Seagate 600 Pro Specifications
|Model||600 Pro||600 Pro||600 Pro||600 Pro|
|Form Factor||7mm, 2.5″ SATA||7mm, 2.5″ SATA||7mm, 2.5″ SATA||7mm, 2.5″ SATA|
|Capacity||100GB||120 GB||200/400 GB||240/480 GB|
|Controller||Link A Media LM87800||Link A Media LM87800||Link A Media LM87800||Link A Media LM87800|
|NAND||19nm Toshiba MLC Toggle NAND||19nm Toshiba MLC Toggle NAND||19nm Toshiba MLC Toggle NAND||19nm Toshiba MLC Toggle NAND|
|4K Random Read||80,000 IOPS||80,000 IOPS||85,000 IOPS||85,000 IOPS|
|4K Random Write||20,000 IOPS||8,000 IOPS||30,000 IOPS||11,000 IOPS|
|Interface||SATA 6GB/s||SATA 6GB/s||SATA 6GB/s||SATA 6GB/s|
|Warranty||5 Years||5 Years||5 Years||5 Years|
The Seagate 600 Pro will come in six models ranging in capacities between 100GB up to 480GB. This is because Seagate has three models of the 600 Pro with 7% over-provisioning and another three models with 28% over-provisioning. This allows the consumer to choose between capacity or long term performance/endurance.
For our review today, we received the Seagate 600 Pro 200GB, which is over-provisioned at 28%. This should offer us a good mix of price, performance, and endurance. While we didn’t get a chance to sample the models over-provisioned at 7%, on paper the performance specs seem quite close to what’s offered by the consumer oriented Seagate 600.
With that said, let’s take a closer look at the Seagate 600 Pro 200GB!
[section label=2. A Closer Look]
A Closer Look at the Seagate 600 Pro 200GB
Here’s a look at the Seagate 600 Pro 200GB SSD. The Seagate 600 Pro is an enterprise SSD so unlike the consumer oriented Seagate 600, it doesn’t have much in the looks department. The entire unit is simply enclosed in a metal casing which dissipates heat away from the internal components. Affixed to the front of the unit is a sticker with information about drive model, drive capacity, serial number, part number, etc.
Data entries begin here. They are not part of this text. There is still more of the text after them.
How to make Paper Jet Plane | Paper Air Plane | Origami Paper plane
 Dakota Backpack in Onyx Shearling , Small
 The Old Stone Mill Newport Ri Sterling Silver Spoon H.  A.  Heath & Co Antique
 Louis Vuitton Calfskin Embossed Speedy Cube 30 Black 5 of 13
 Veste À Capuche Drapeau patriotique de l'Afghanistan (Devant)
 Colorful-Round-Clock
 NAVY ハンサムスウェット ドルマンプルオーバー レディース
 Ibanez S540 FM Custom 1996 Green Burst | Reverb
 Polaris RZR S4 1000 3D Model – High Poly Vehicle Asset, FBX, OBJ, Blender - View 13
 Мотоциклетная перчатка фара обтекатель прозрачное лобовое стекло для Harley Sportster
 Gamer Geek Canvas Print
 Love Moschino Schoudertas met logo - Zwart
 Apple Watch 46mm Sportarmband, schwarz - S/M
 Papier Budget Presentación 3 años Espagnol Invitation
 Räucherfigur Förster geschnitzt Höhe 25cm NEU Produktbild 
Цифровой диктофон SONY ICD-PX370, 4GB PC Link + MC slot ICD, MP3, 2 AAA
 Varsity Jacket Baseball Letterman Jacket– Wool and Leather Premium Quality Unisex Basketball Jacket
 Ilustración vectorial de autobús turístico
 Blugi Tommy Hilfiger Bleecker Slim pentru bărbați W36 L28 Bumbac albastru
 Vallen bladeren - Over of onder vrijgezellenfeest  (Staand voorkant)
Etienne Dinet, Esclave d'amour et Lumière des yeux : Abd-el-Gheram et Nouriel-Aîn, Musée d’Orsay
The Seagate 600 Pro is a SATA 6Gb/s SSD in the 2.5″, 7mm thin form factor. This makes it very flexible as it can be deployed in thin and light notebooks, desktops, rack mount servers, and some blade servers that only support 7mm drives.
Popping open the casing here we can see that Seagate is only populating one side of the PCB on the 200GB model.
As expected, the Seagate 600 Pro uses the LAMD (Link A Media Devices) LM87800 controller, which is the same controller used on the vanilla Seagate 600. It’s a very enterprise oriented, 8 channel controller we’ve seen in the past on Corsair Neutron/Neutron GTX SSDs as well.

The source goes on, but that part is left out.